Vicky Thornley returns with another great article, this time offering some advice on how to set goals to keep you motivated through the season. A particularly useful topic given the new season has just started
As we have entered the new rowing season, this is a good time to set some goals. No matter the level of rower you are, novice or international, setting goals is important to create structure for your training as well as giving you motivation. For some goal setting inspiration, I thought it might be helpful to share with you how I go about setting my own goals, to maintain motivation through the inevitable ups and downs.
When I was training towards an Olympics or a World Championships, I set out clear and concise targets in training that were all building towards the end game. Below is how I went about breaking down the four-year long goal of the Olympics, into daily, sizable chunks. The process helps ensure I was always moving in the right direction, no matter how far off the Olympics may be.
Set a goal
“You don’t have to be great to start, but you need to start to be great” (- Zig Ziglar). Setting the goal might sound like an obvious point, but for some setting the goal can be a challenge. You may see an ambitious goal as potentially unattainable and are worried about failure. Let’s not forget failure and setbacks in life are inevitable, and often essential to make progress.
In rowing, I failed countless times but my response to failure is to pick myself up, learn from it and keep moving forwards. Keep focussing on the reward at the end, that feeling of pride and satisfaction you will get when you achieve the goal you have set.
Break it down
Break the goal down into sizeable chunks. If your goal is a long term one, having short- and medium-term goals is fundamental to keep you focussed every day. Think, “what can I achieve today, this week, this month to bring me closer to my end goal”.

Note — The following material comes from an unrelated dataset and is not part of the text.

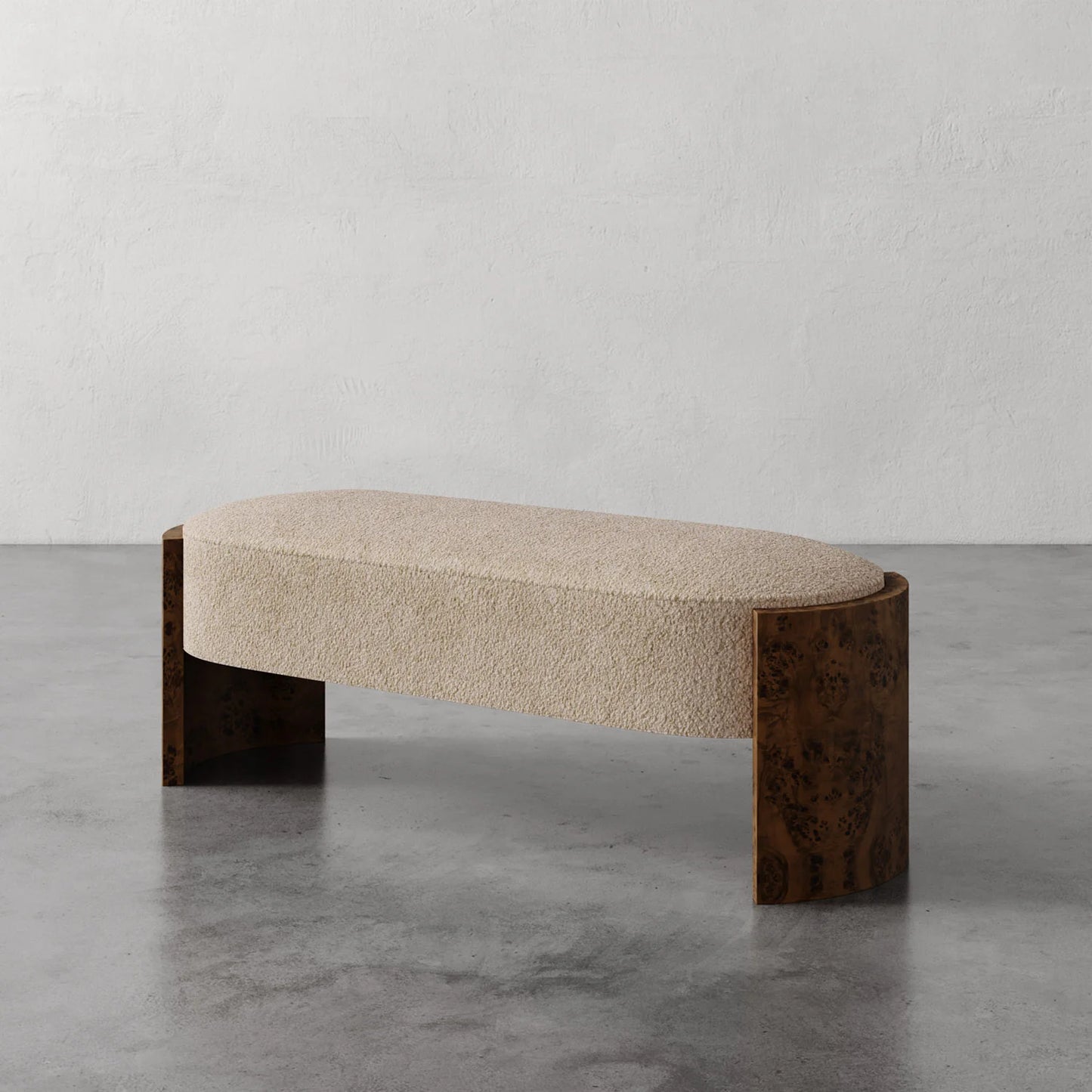 Luxury Modern Benoit Bench European Style for Villa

I started rowing just under five years before what turned out to be my first Olympic Games, at London 2012. On my first day of training on the World Class Start Programme, I literally couldn’t stay in a boat. I fell in three times. At this point, had I allowed the enormity of my end goal to overwhelm me, I would have struggled to move forward.
Instead, along with my coach Paul Stannard, I broke things down and set small daily goals. The first being, completing a session without falling in; and I achieved this on day four of training. We continued in this manner and within five years, I found myself on the start of the Olympic Games. Day by day, keep working towards your goal.
Keep coming back to your daily goals. It’s easy to get distracted by how far away from your end goal you feel but coming back to the present and acknowledging what is required today helps to ensure we make each day count. This is where short term focuses are important. They will help you stay in the moment and do what needs to be done at that time.
The small sense of achievement you get from executing your daily goals really helps maintain motivation and momentum. I would always have a specific goal for each training session, it keeps me present and accountable as to whether I executed what was required.
Life never runs smoothly, things will get in the way of our goals, and there will be both ups and downs along the way. The important thing is to not let these distractions derail us. The Olympics was always a long-term goal but there were many situations that took me way off course in those four years, and down a path I didn’t want to be on; most notably suffering from overtraining in 2018.
When situations like this occur, it is important to reassess and change your short-term goals to account for the change in circumstance. It doesn’t mean that you can’t still achieve what you set out to do; it just means that you have to recalibrate to get back on track. Overcoming these challenges only makes achieving our goals even more rewarding.
Keep a diary of progress
This is a great way to see how far you have come and can help maintain motivation. My daily diary would contain a brief summary of my training and then a more detailed account every couple of weeks. It showed me the improvements I had made, but also any mistakes. When I read it back, it reinforced that I am making progress, shows me how far I have come and what I have learnt.
If your goal doesn’t involve others on a day-to-day basis, find someone you can hold yourself accountable to. When in crew boats, I often used my teammates. In the single, it was my coach Paul Reedy. Using a variety of people can help, depending on their expertise.
Find the people that work for you. They could be your colleagues, your partner or friends – it really doesn’t matter. They just needs to be people who know what your goal is, can ask about your progress and challenge you if they see you are distracted.
Recognising your effort and rewarding yourself appropriately is really important! It drives motivation and tops up your energy stores. Often when I would return from training camp, I’d book a treatment at the beauty salon to help me rejuvenate, or I would go to my favourite restaurant. Having things to look forward to once you have completed something challenging, is a great way to maintain momentum.
Remember “You don’t have to be great to start, but you have to start to be great”
I hope these tips help you set goals and achieve them for the upcoming season. What are you waiting for? Good luck!